On Tuesday, Coach Wes posted a meme that was the perfect intro to today’s article. He had no idea what I planned to write about, but the fact that there is a meme about it says it’s a common occurrence.
In the midst of all the New Year’s resolutions and the hype of The Open coming up there tends to be an added pressure to ‘perform’ in the gym. People’s focus turns to the numbers on the board and the actual work being done becomes secondary. This leads to mediocre training just to get that score and very little actual progress. I challenge you to find a way that that is going to serve you in the future.
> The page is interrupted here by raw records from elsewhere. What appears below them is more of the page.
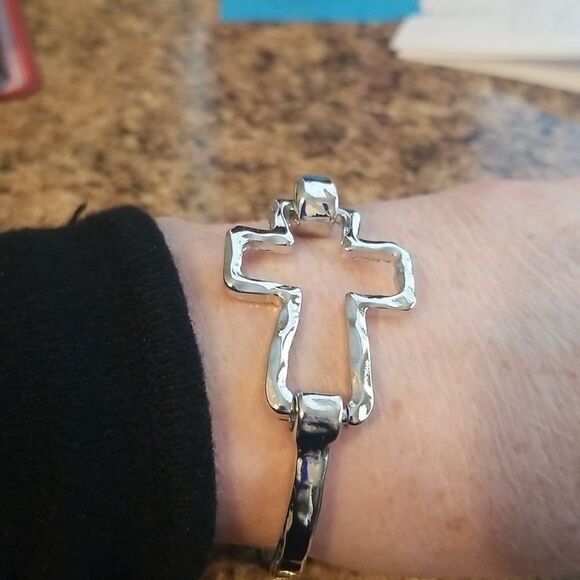 Cross silver tone bracelet - Picture 8 of 10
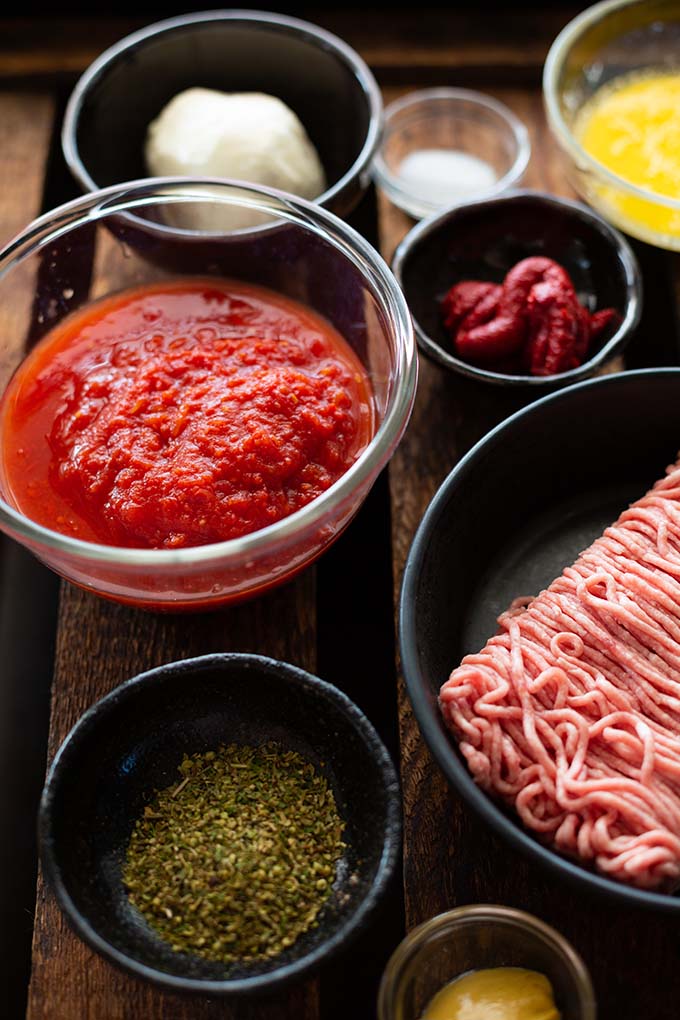 Hackbällchen à la Toskana ﻿﻿ganz ohne Fix-Produkte: Super einfach und extra schnell vorbereitet.
Ihr bekommt besonders saftige Hackbällchen, eine super tomatige Sauce und ein absolut leckeres Familienessen. Kochkarussell - dein Foodblog für schnelle und einfache Feierabendrezepte. 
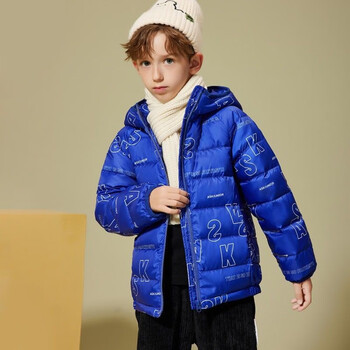 森林与孩子男童羽绒服2022冬新品时尚字母满印休闲儿童轻薄羽绒服蓝色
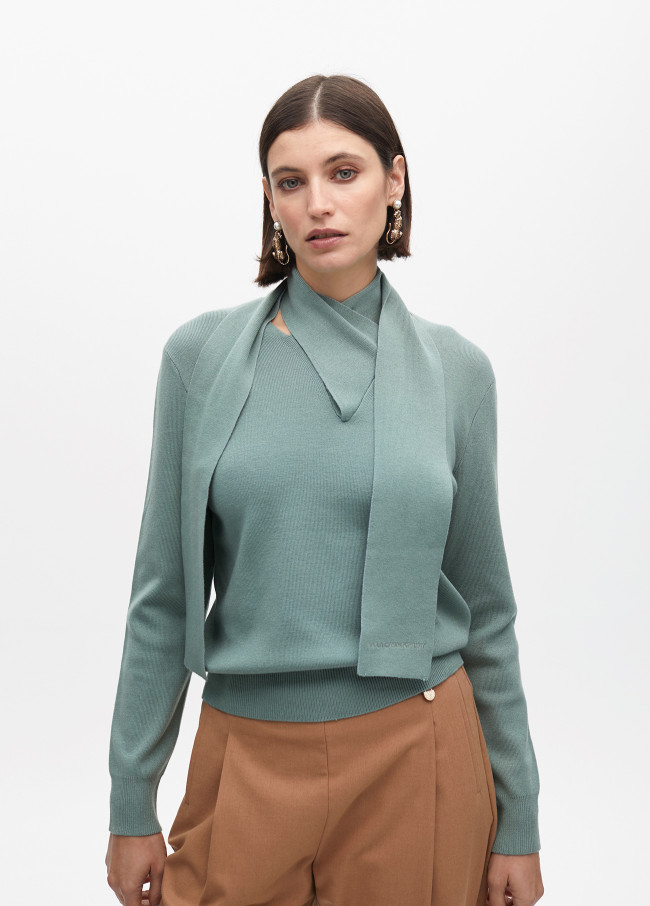 Knotted neck sweater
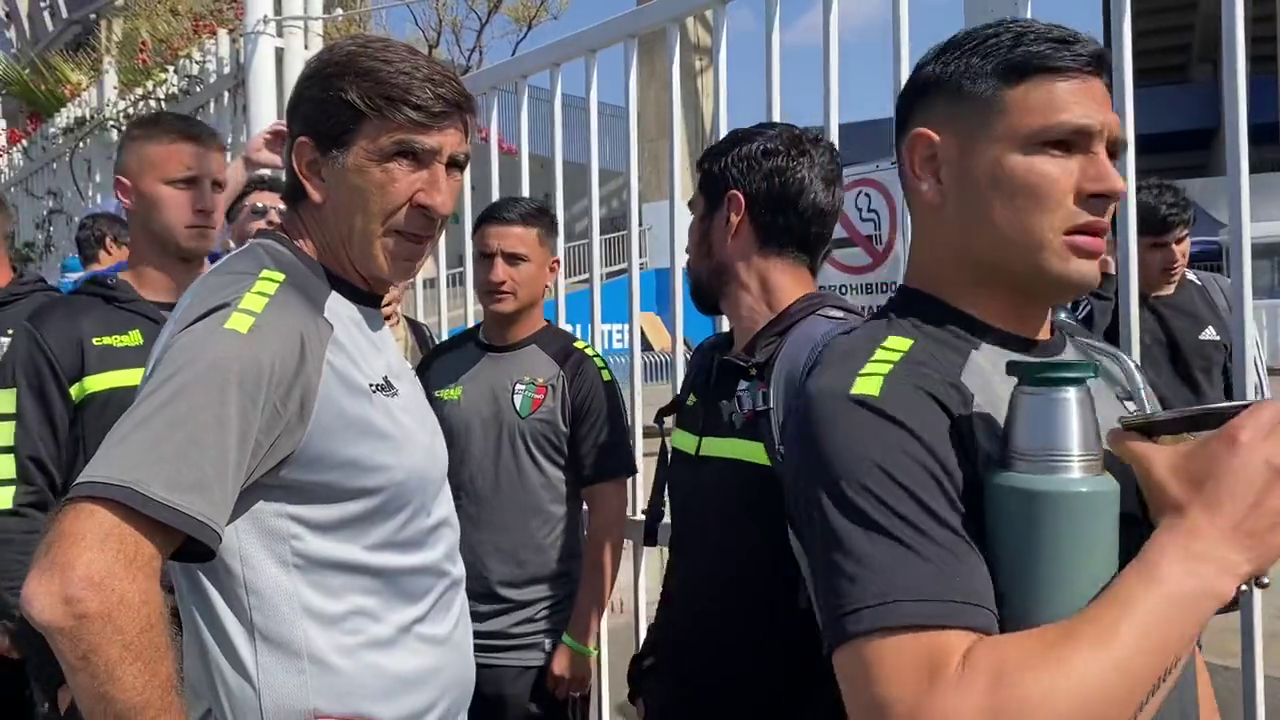 El momento en que Palestino no pudo ingresar al estadio “Calvo y Bascuñán” en Antofagasta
In my opinion, as a coach and an athlete, training is very rarely about the score. It’s much more about the quality of movement and the development of the skills so that I can progress. That’s not to say I don’t push my people or myself, only that if it’s a shitty rep, we’re not counting it. Yes, there are those who straight up shave reps (see below video), but in my opinion, it’s just as bad to count reps that you know aren’t up to par when you are trying to. Here’s why:
Let’s say I’m working on my toes to bar. I can get close, every once in awhile my toes get all the way up there, but for the most part I just do the work and say “eh, that’s close enough” with a good 8 inches between my toes and the bar. How am I EVER going to get better at the skill if I settle for mediocre? What do you think would happen if instead, during every single WOD with toes to bar, I held myself accountable and only counted the reps where my toes truly touched the bar? I’d probably progress more quickly because I’d get pretty damn tired of doing all those extra reps that didn’t count.
Another option I have here, is to take a step back in the progression. Maybe I never actually get my toes close to the bar, but I can get my knees to my elbows almost every time. What’s the better option here? Do shitty toes to bar reps or do proper knees to elbows reps? At least in the second option I’m practicing proper form and I’m going to develop the skill and my strength. Once I’m efficient in that progression, I can move back up and continue my progress. Poor practice makes for poor performance. Proper practices makes for improvement.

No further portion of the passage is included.